DWRL History
What follows is from "The Computer Writing and Research Lab: A Brief Institutional History," by John Slatin, Director of the CWRL 1989–2000. The complete text can be found in Language Learning Online: Theory and Practice in the ESL and L2 Computer Classroom, edited by Janet Swaffar, Susan Romano, Phillip Markley, and Katherine Arens (Austin, TX, Labyrinth Publications: 1998), pages 19–38.
The CWRL and Project QUEST
The CWRL was originally an artifact of a national initiative known locally as Project QUEST, which was the principal means by which computers entered the University of Texas English Department in the mid- and late 1980s. The IBM Corporation sought to expand potential uses and market for its highly successful personal computers, introduced in 1981. Building upon the Athena project at the Massachusetts Institute of Technology (Turkle, 1992), IBM donated millions of dollars' worth of microcomputers to the University of Texas at Austin and other US universities. These were distributed to faculty who submitted proposals outlining innovative uses of microcomputers in instruction and research.
Project QUEST awarded computers to faculty on the strength of competitive proposals. But these awards were also conditional on departmental commitments to provide necessary support for their projects. Such support might involve maintenance, personnel for programming work that faculty members couldn't do themselves, or, crucially, space. Once the project was judged successful (or at least on the road to success), the equipment would be transferred from Project QUEST's inventory to the inventory of the faculty member's home department. It thus became necessary for the local institution to evolve structures, if it didn't already have them, to accommodate these projects—and to accommodate the presence of the computers themselves.

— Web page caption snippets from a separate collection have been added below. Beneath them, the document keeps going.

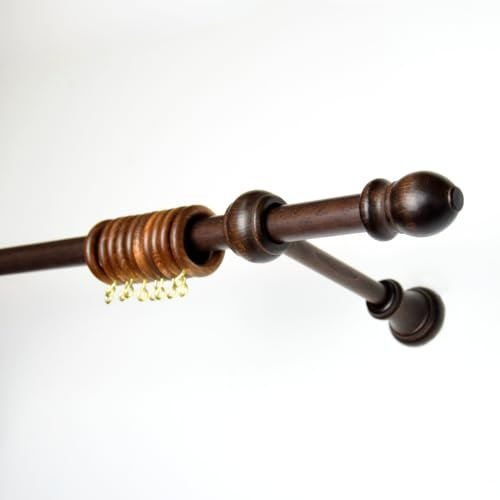 TENDAGGIMANIA Gardinenstange Farbe NUSSBAUM Größe 120 CM- Gardinenstange Holz für Gardinen ohne Seil-Komplett mit Ringen, Klemmen und Montagehalterungen- Durchmesser 23 mm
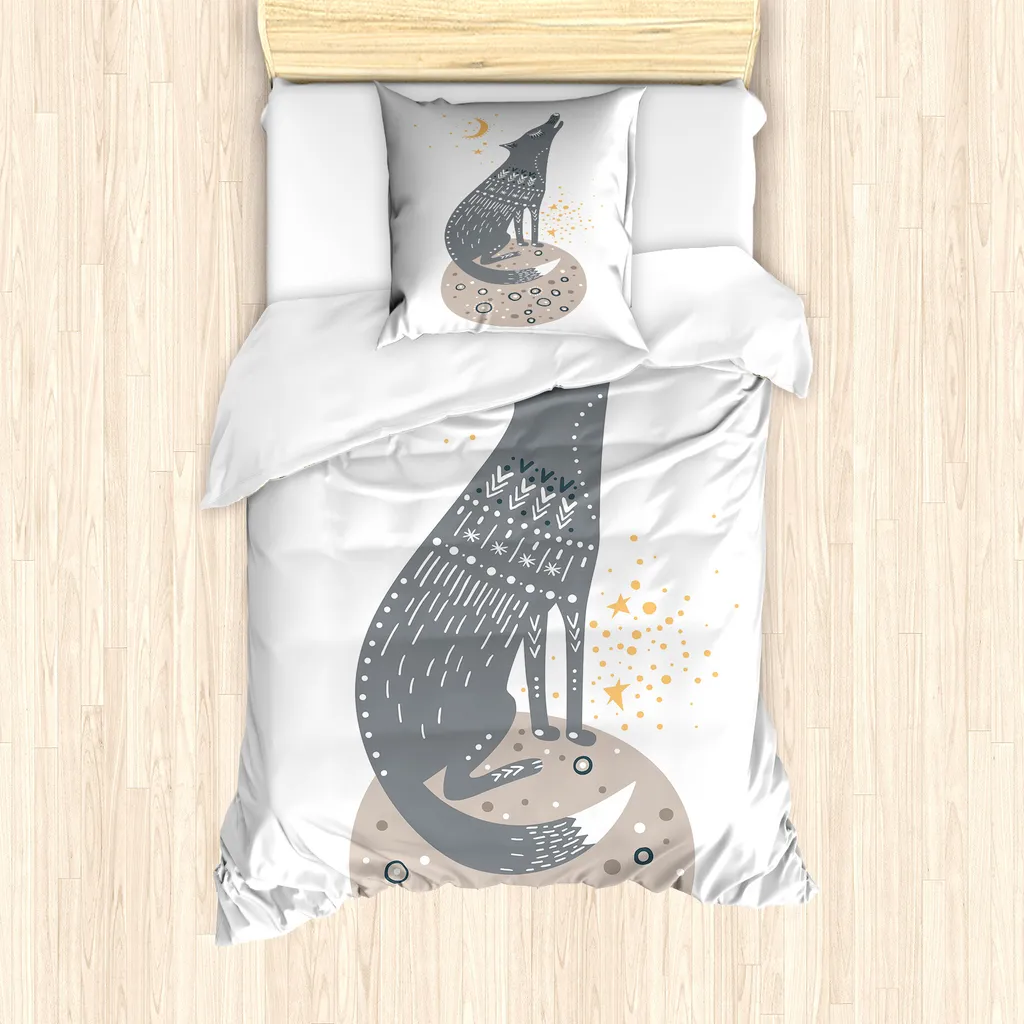 ABAKUHAUS Set copripiumino Magic Moon per letti singoli, Howling Wolf Planet, antiacaro, adatto a chi soffre di allergie, con federa, 135 cm x 200 cm - 80 x 80 cm, multicolore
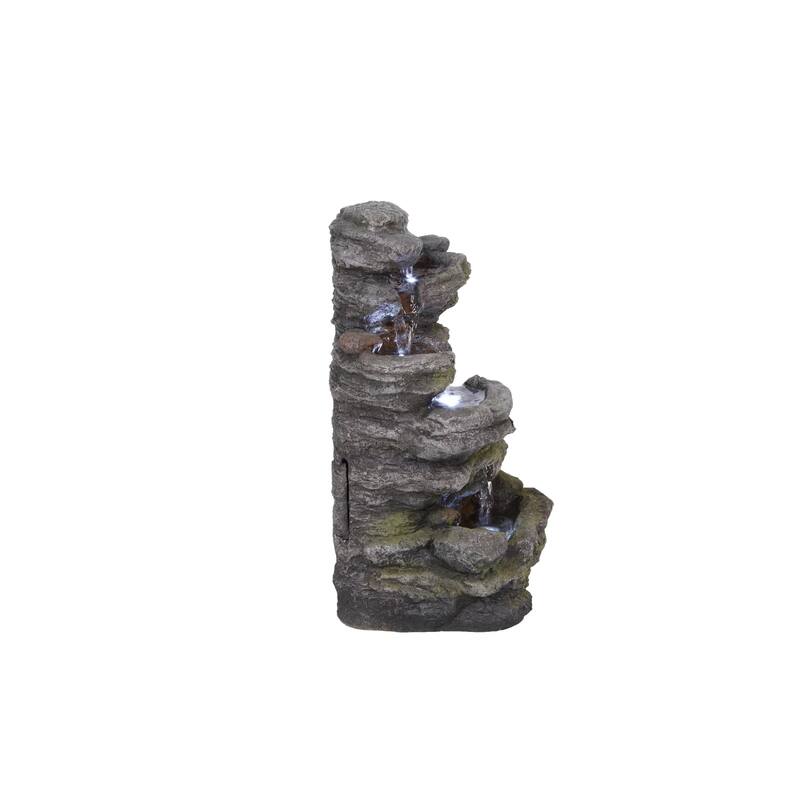 LED Lighted Cascading Rock Outdoor Garden Water Fountain - 18.25"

My colleague Jerome Bump and I were among the first members of the English faculty to write successful proposals to Project QUEST. Mine involved developing expertise in using word processing software and synthetic speech to help visually impaired writers, including myself, work more independently, while Bump proposed investigating whether computers could enhance creativity. In the summer of 1986, I taught a computer-assisted writing class for visually impaired students, with mixed but generally positive results; as far as I know, this was the first computer-based writing class at the University of Texas. We met in a vacant faculty office that had been turned over to me for the purpose, six students, two computers, and I crowded into a space meant for one. Later on, as I was trying to improve the clumsy software I had written, I ran into a programming problem I was unable to solve. I asked Bump for help, and he in turn asked one of his graduate students, Fred Kemp—now Director of Composition at Texas Tech University in Lubbock, Texas—to come over and help me out.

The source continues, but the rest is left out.